• TASK DATA:
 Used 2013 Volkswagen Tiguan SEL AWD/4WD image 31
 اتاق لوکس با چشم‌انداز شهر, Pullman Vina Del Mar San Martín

---

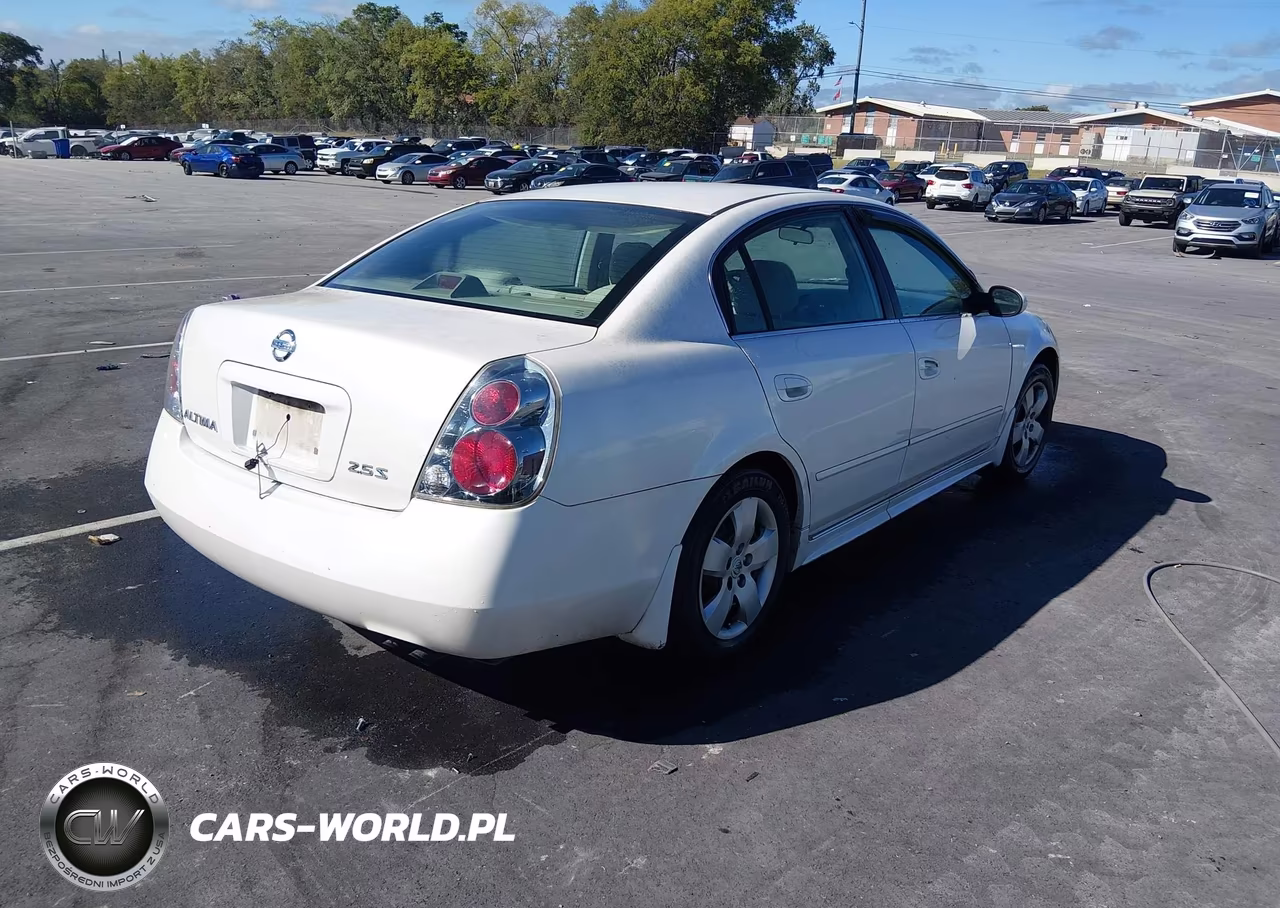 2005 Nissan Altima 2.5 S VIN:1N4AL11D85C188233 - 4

• WHAT NEEDS TO BE DONE: Of the entries listed above, reproduce only the lines starting at the line containing "Used 2013 Volkswagen" and ending at the line containing "اتاق لوکس با". Include both, exactly as they stand.

• TASK RESPONSE:
 Used 2013 Volkswagen Tiguan SEL AWD/4WD image 31
 اتاق لوکس با چشم‌انداز شهر, Pullman Vina Del Mar San Martín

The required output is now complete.